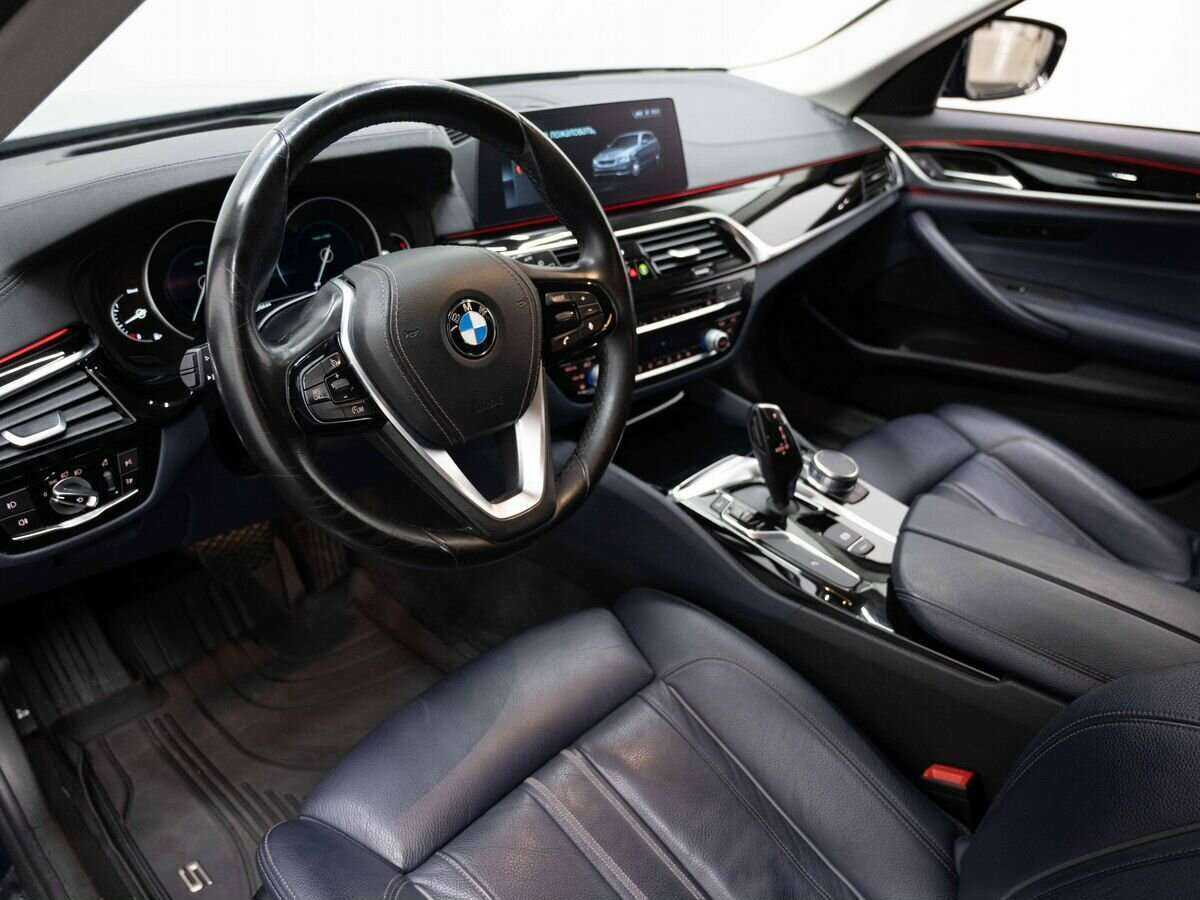 Б/У БМВ 5 серии 2017 года. Фото: #7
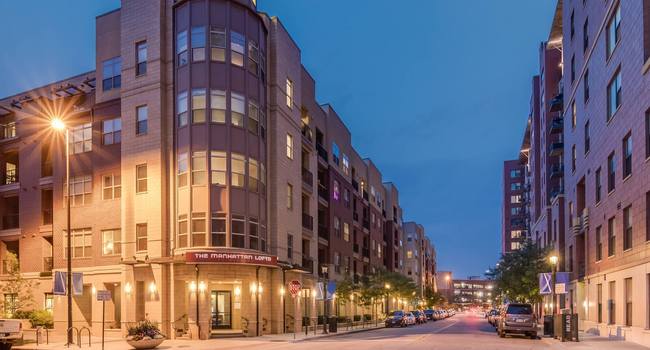 The Manhattan Tower And Lofts 126 Reviews Denver Co Apartments For Rent Apartmentratings C [ 350 x 650 Pixel ]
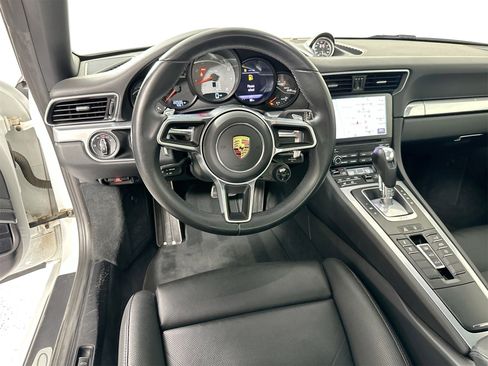 Certified 2017 Porsche 911 Carrera 4S image 18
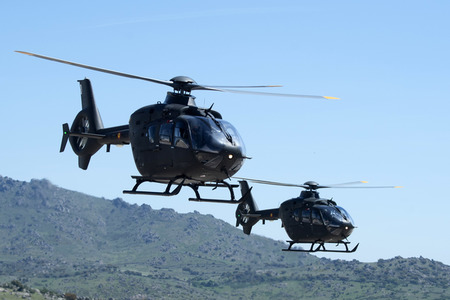 Nationalflaggenübergabe an die ACAVIET in Colmenar Viejo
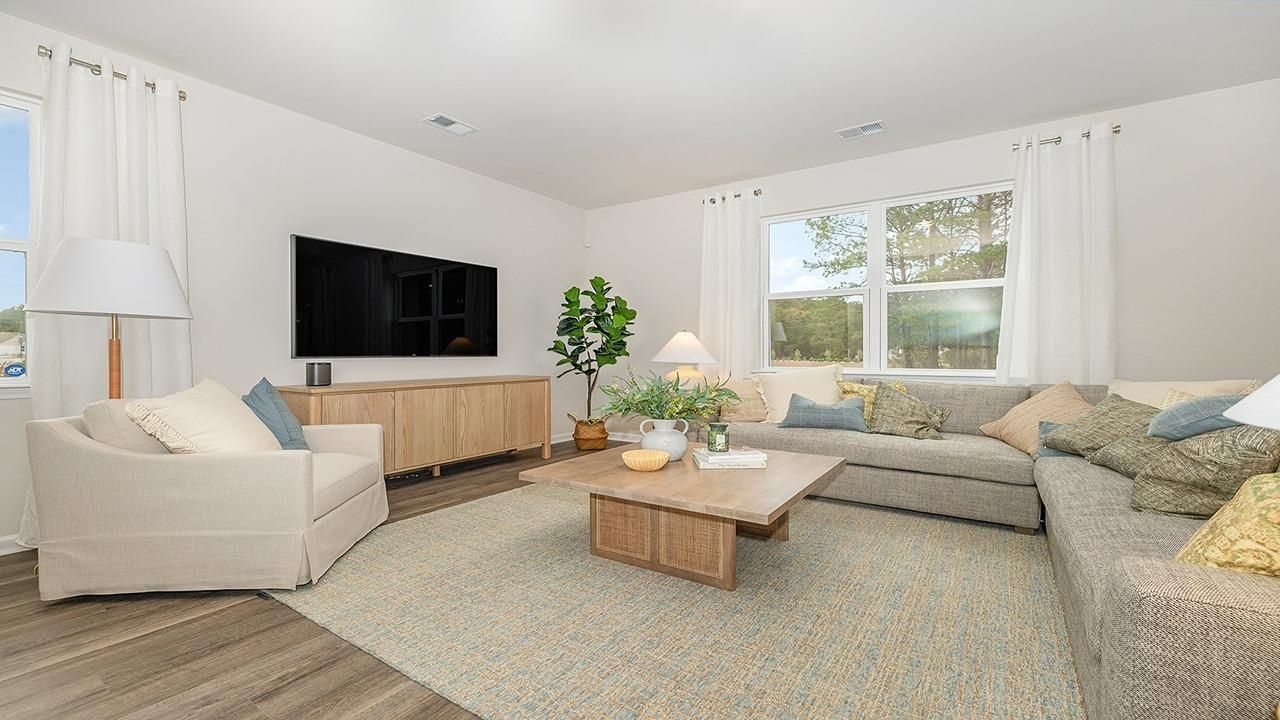 108 Pampa Dr.  Photo 5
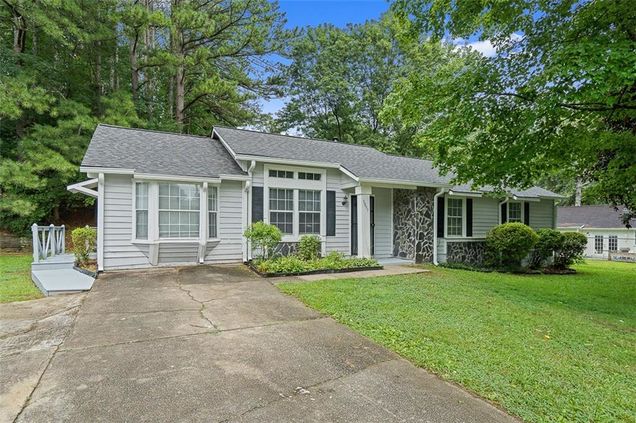 3897 Ester Drive SW Atlanta, GA House Active - Photo 1 of 20. Opens carousel modal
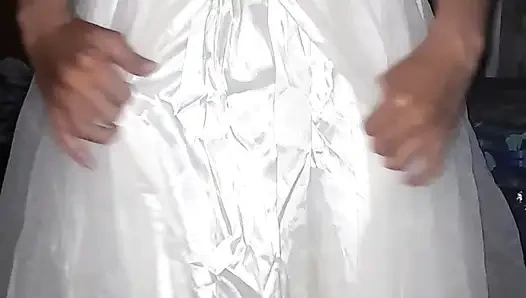 Saten gelinlik üzerinde döl akıyor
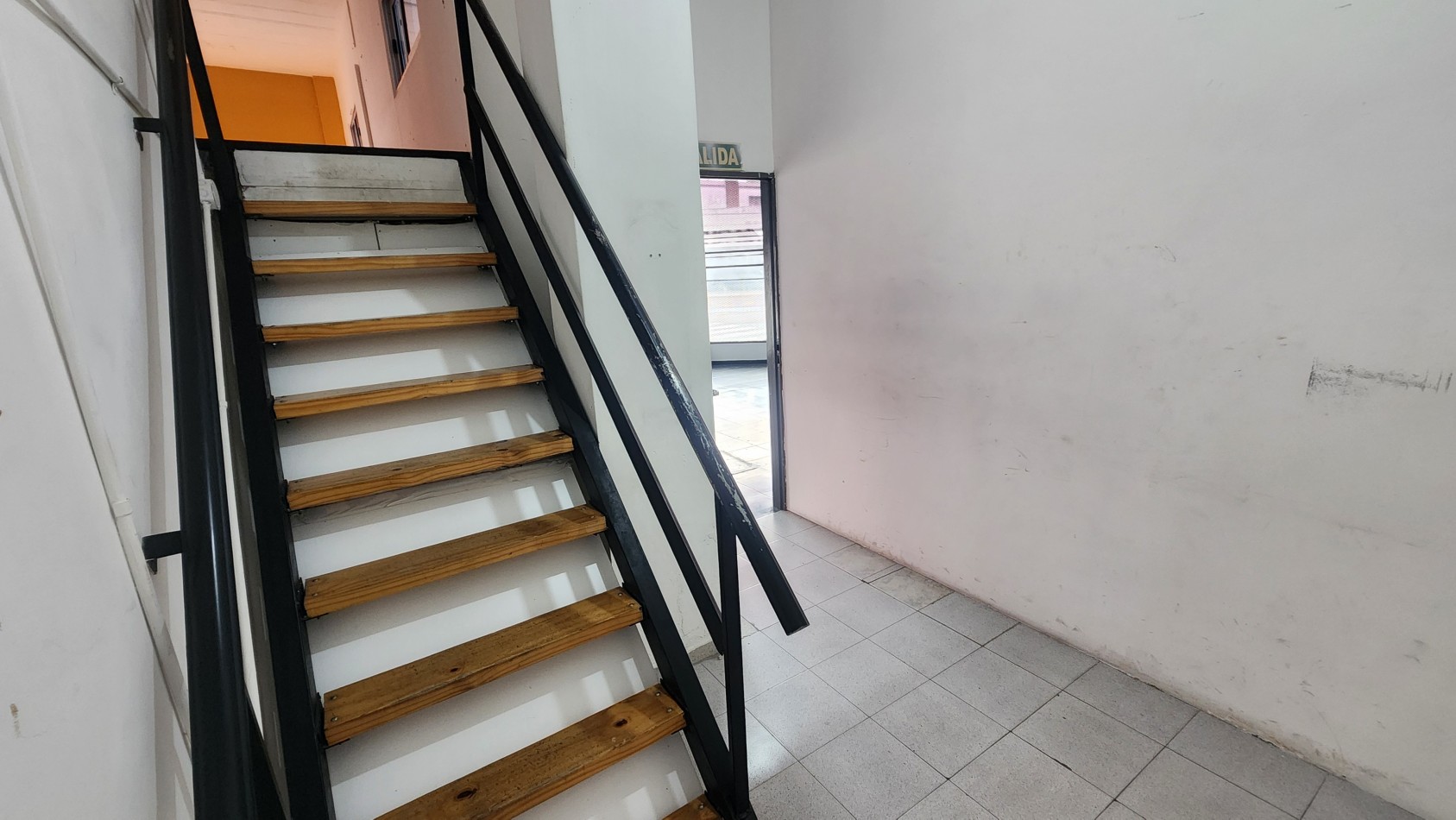 SE ALQUILA LOCAL 180 m2  EN ZONA TEXTIL FLORES CON COCHERA. CABA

——

* What the exercise asks
Exclude every picture, then reproduce the remaining data character for character.

* Exercise response
 Б/У БМВ 5 серии 2017 года. Фото: #7
 The Manhattan Tower And Lofts 126 Reviews Denver Co Apartments For Rent Apartmentratings C [ 350 x 650 Pixel ]
 Certified 2017 Porsche 911 Carrera 4S image 18
 Nationalflaggenübergabe an die ACAVIET in Colmenar Viejo
 108 Pampa Dr.  Photo 5
 3897 Ester Drive SW Atlanta, GA House Active - Photo 1 of 20. Opens carousel modal
 Saten gelinlik üzerinde döl akıyor
 SE ALQUILA LOCAL 180 m2  EN ZONA TEXTIL FLORES CON COCHERA. CABA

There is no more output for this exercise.